My challenge to everyone, myself included, is to stop and breathe and, for a moment, set aside the schedule, the commotion, the to-do lists and have tos.  Breathe in the sweet kindness that dwells in each of us.  Breathe in the giving, compassionate heart the beats in your chest.  Breathe in the wave of tenderness and tolerance that lies just below the hustle and bustle around you.  We find what we are looking for in this world.  Look for the goodness, the charity, the kindness.  What is this season to you? Make it just that . . .

Tuesday, December 20, 2011

Back in Black

So, yesterday I began this "post" and was summoned away from my writing to attend to some family business.  The post ended up publishing, so I removed it when I got home to finish it.  But it seems to have permanently vanished.  Basically it was just my statement that it was time for me to come clean.  Here goes.

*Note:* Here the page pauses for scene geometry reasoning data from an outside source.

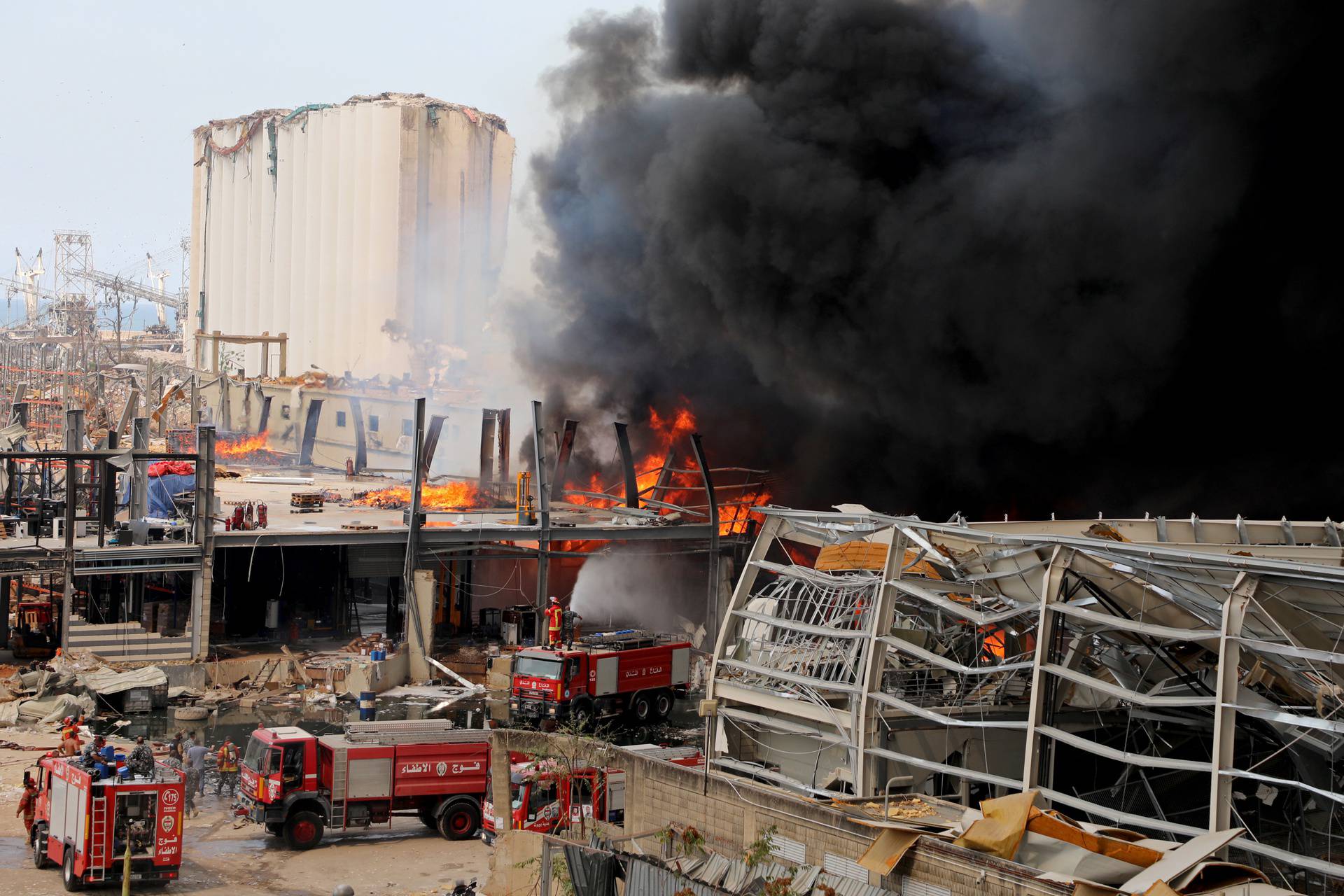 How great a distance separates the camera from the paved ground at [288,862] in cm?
1916

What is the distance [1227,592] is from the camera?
15.1 m

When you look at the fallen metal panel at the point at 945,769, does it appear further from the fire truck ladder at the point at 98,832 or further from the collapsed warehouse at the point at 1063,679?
the fire truck ladder at the point at 98,832

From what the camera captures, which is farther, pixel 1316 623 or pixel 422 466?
pixel 422 466

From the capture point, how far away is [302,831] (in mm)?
21250

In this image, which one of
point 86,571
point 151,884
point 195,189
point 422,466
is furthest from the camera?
point 195,189

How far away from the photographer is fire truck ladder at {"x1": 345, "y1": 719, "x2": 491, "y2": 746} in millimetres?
21812

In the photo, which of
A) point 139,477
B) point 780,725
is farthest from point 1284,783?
point 139,477

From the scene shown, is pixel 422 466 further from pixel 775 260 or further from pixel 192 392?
pixel 192 392

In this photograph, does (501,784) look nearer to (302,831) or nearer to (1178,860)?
(302,831)

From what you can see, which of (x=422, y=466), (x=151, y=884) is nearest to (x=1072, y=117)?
(x=422, y=466)

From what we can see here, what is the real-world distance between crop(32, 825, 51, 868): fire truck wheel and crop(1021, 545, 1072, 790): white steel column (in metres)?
13.4

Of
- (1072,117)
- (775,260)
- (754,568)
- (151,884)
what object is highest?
(1072,117)

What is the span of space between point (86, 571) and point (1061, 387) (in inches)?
1091

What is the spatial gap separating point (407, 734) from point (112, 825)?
4935 mm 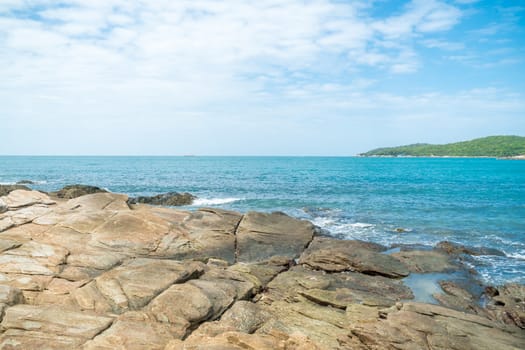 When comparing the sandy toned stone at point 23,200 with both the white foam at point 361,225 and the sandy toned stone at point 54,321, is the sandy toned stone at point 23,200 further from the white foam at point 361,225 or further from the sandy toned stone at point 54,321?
the white foam at point 361,225

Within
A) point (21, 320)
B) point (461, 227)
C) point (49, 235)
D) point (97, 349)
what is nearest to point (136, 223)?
point (49, 235)

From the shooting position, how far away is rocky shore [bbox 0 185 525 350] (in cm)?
1045

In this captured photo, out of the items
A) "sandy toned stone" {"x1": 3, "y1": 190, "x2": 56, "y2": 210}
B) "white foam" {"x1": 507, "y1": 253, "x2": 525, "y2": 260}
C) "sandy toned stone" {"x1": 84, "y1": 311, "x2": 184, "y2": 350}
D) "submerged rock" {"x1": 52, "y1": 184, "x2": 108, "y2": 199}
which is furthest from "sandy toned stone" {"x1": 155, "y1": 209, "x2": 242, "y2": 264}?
"submerged rock" {"x1": 52, "y1": 184, "x2": 108, "y2": 199}

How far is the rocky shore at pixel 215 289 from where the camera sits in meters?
10.5

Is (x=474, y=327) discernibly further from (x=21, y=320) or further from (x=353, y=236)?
(x=353, y=236)

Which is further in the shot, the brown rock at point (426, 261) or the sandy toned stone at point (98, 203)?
the sandy toned stone at point (98, 203)

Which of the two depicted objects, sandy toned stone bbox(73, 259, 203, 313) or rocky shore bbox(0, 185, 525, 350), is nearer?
rocky shore bbox(0, 185, 525, 350)

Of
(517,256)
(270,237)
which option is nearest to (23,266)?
(270,237)

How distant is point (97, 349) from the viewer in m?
9.37

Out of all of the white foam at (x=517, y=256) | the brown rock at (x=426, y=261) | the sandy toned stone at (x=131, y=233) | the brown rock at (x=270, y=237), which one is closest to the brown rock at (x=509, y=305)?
the brown rock at (x=426, y=261)

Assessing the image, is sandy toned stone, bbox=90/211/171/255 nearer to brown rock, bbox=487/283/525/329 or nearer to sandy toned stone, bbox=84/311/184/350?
sandy toned stone, bbox=84/311/184/350

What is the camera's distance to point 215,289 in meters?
13.6

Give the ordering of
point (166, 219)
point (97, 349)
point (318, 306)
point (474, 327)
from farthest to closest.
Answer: point (166, 219), point (318, 306), point (474, 327), point (97, 349)

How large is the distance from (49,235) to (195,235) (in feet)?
24.2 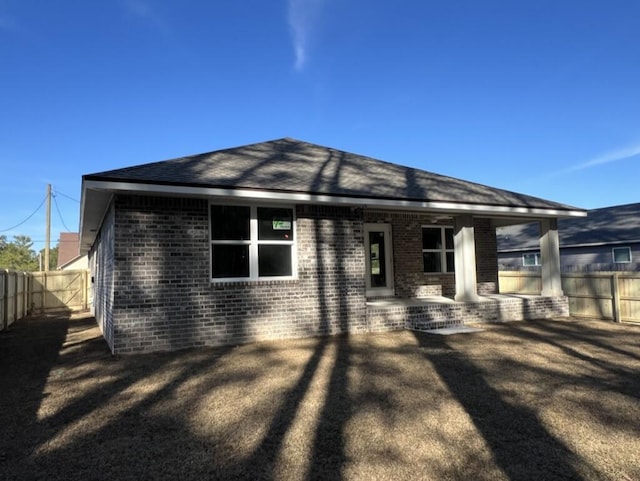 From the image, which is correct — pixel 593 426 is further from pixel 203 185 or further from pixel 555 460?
pixel 203 185

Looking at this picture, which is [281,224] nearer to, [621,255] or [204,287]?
[204,287]

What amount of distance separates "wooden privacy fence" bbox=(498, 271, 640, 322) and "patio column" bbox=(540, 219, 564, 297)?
18.6 inches


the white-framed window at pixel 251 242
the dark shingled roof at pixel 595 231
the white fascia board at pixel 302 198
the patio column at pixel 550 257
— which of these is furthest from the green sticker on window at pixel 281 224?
the dark shingled roof at pixel 595 231

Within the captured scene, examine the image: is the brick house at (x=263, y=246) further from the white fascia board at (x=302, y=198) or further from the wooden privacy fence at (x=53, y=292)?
the wooden privacy fence at (x=53, y=292)

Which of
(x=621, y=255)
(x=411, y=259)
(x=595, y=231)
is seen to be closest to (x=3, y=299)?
(x=411, y=259)

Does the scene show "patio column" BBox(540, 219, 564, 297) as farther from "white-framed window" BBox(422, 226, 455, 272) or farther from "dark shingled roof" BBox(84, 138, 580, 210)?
"white-framed window" BBox(422, 226, 455, 272)

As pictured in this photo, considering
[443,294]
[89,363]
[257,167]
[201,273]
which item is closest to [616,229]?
[443,294]

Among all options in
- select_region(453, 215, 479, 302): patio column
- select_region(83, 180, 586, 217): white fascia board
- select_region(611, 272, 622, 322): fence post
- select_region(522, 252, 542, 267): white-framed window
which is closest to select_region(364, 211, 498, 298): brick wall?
select_region(453, 215, 479, 302): patio column

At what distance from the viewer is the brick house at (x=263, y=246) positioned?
8.05m

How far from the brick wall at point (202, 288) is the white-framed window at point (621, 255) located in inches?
800

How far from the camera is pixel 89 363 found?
24.4 ft

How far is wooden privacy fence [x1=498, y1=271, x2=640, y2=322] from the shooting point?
11.2 meters

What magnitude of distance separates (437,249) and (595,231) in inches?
660

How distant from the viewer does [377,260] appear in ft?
43.4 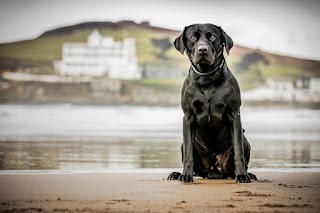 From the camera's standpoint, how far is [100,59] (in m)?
35.0

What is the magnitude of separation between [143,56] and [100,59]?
9.24 feet

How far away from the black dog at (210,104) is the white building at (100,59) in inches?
1058

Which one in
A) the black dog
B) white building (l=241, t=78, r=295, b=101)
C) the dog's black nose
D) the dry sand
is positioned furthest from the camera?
white building (l=241, t=78, r=295, b=101)

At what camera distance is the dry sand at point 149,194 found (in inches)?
141

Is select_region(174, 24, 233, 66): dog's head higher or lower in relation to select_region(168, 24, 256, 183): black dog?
higher

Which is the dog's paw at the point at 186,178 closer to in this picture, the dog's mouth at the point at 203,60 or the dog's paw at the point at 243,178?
the dog's paw at the point at 243,178

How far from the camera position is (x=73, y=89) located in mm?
31406

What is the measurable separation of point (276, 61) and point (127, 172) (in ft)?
86.7

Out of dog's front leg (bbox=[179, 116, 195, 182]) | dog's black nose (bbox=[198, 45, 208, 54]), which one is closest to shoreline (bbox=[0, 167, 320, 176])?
dog's front leg (bbox=[179, 116, 195, 182])

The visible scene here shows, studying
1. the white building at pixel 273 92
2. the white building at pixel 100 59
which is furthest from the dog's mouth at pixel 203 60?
the white building at pixel 100 59

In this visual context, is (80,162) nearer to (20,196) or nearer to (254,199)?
(20,196)

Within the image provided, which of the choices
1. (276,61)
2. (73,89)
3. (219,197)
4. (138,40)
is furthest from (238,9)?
(219,197)

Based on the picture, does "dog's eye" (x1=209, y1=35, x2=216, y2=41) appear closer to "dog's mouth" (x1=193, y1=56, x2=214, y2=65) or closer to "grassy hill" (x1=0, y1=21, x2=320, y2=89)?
"dog's mouth" (x1=193, y1=56, x2=214, y2=65)

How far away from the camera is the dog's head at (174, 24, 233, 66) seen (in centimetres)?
508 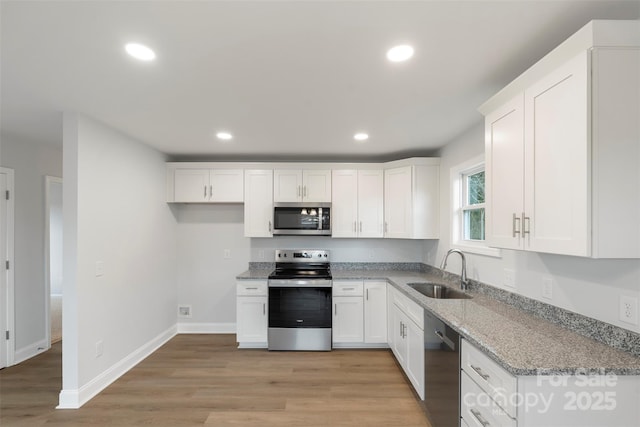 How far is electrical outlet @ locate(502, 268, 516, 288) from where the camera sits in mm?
2264

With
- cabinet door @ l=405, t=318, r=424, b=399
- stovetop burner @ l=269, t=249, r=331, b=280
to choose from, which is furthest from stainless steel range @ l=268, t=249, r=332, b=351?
cabinet door @ l=405, t=318, r=424, b=399

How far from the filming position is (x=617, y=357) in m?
1.35

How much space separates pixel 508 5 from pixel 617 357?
1.59 metres

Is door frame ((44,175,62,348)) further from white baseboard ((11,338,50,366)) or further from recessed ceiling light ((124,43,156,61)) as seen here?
recessed ceiling light ((124,43,156,61))

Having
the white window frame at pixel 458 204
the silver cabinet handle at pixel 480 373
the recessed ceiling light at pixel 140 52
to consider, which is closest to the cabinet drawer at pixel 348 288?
the white window frame at pixel 458 204

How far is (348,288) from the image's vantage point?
12.1ft

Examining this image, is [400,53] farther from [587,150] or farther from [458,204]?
[458,204]

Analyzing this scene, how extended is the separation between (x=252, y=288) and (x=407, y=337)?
1839 millimetres

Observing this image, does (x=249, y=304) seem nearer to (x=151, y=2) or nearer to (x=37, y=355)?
(x=37, y=355)

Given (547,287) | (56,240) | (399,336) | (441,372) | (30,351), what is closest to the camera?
(547,287)

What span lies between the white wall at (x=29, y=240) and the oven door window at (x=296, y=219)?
2751mm

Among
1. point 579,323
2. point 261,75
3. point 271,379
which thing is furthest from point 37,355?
point 579,323

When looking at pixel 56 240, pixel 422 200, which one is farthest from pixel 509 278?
pixel 56 240

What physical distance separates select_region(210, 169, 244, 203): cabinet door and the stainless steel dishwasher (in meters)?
2.72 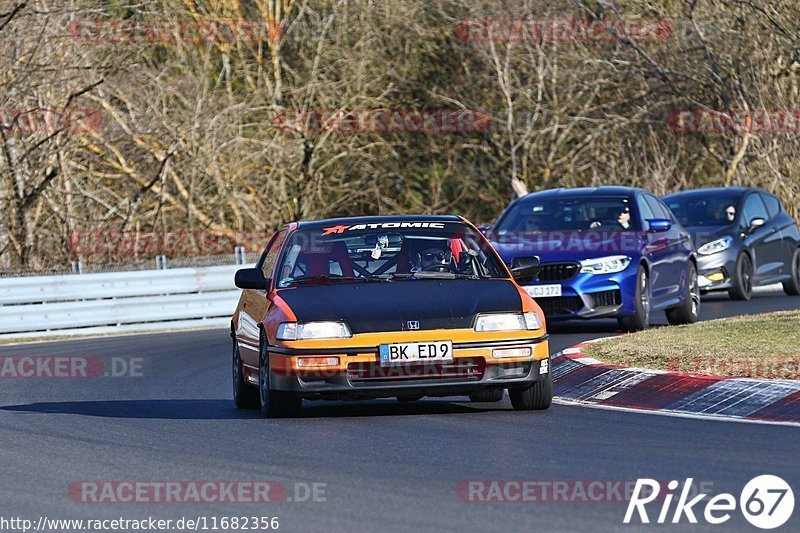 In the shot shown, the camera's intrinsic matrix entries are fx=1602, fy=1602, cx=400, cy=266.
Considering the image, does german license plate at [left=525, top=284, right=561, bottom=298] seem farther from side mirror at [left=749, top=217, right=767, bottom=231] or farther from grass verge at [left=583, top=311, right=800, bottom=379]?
side mirror at [left=749, top=217, right=767, bottom=231]

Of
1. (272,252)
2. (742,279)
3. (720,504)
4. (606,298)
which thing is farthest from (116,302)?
(720,504)

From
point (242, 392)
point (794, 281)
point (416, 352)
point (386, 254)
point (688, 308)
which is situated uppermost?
point (386, 254)

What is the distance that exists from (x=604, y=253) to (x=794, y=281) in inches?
303

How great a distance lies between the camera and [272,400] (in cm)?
1040

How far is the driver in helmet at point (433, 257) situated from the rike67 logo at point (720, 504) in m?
4.06

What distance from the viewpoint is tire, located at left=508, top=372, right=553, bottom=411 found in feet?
33.9

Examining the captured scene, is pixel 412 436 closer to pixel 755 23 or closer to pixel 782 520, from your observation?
pixel 782 520

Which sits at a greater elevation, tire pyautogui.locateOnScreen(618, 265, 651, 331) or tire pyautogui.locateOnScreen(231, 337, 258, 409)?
tire pyautogui.locateOnScreen(231, 337, 258, 409)

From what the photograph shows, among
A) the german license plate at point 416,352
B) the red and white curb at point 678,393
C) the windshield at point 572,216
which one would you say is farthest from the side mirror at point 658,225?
the german license plate at point 416,352

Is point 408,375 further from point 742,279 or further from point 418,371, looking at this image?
point 742,279

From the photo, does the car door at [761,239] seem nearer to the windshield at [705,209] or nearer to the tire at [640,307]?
the windshield at [705,209]

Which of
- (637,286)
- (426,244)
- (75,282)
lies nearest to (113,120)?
(75,282)

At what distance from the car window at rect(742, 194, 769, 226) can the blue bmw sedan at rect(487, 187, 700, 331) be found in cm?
425

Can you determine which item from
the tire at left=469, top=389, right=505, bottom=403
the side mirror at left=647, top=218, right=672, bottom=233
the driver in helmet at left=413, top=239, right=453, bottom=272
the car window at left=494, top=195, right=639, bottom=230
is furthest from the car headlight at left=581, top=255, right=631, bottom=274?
the driver in helmet at left=413, top=239, right=453, bottom=272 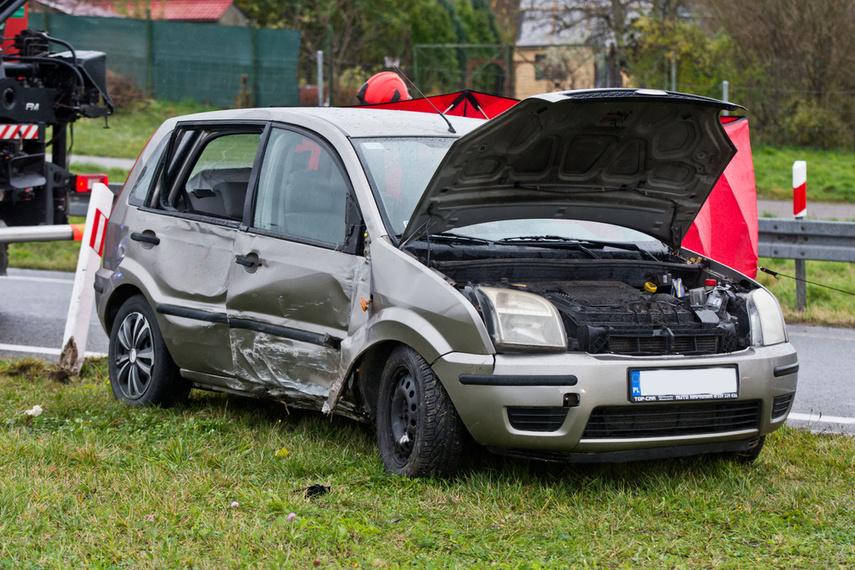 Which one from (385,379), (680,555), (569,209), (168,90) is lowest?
(680,555)

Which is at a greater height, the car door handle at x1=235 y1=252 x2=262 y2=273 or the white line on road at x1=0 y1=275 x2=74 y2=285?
the car door handle at x1=235 y1=252 x2=262 y2=273

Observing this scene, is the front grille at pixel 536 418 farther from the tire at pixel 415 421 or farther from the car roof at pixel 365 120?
the car roof at pixel 365 120

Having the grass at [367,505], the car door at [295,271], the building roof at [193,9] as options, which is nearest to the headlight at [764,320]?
the grass at [367,505]

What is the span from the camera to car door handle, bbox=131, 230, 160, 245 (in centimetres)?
549

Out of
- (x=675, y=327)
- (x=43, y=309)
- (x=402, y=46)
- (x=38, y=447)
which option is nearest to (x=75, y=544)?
(x=38, y=447)

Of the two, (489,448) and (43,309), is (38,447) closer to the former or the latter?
(489,448)

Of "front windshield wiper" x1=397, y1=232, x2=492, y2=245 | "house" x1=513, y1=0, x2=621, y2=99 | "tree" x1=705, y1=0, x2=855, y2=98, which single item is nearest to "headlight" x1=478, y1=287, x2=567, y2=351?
"front windshield wiper" x1=397, y1=232, x2=492, y2=245

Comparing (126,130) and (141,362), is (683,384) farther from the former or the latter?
(126,130)

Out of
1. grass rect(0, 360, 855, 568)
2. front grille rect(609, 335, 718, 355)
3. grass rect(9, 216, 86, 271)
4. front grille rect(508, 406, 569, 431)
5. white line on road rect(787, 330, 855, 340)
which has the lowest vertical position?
white line on road rect(787, 330, 855, 340)

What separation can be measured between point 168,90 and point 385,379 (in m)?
21.7

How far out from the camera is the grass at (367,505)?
338 centimetres

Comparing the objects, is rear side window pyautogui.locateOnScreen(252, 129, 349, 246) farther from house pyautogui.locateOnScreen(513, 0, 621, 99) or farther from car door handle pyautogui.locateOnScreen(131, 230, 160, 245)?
house pyautogui.locateOnScreen(513, 0, 621, 99)

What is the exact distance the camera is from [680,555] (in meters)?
3.43

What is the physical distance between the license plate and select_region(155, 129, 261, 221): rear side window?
7.81 feet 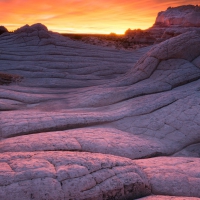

The last few years of my journey here on this Earth have been interesting, exciting, intense.  I have been working on my spirituality for the past ten years, after finally discovering the being spiritual does not necessarily involve religion.  I have been blessed with amazing teachers along my path, and have some of the greatest teachers in my life right now.  I am humbled and grateful for this.  And it is through these teachers, that I am learning who I truly am.  The best way to start learning that, is to learn first what I am not.

I am not all things to all people.  I apologize for ever thinking I could be, and for taking on such a monumental task for which I blamed my failures often on those I disappointed.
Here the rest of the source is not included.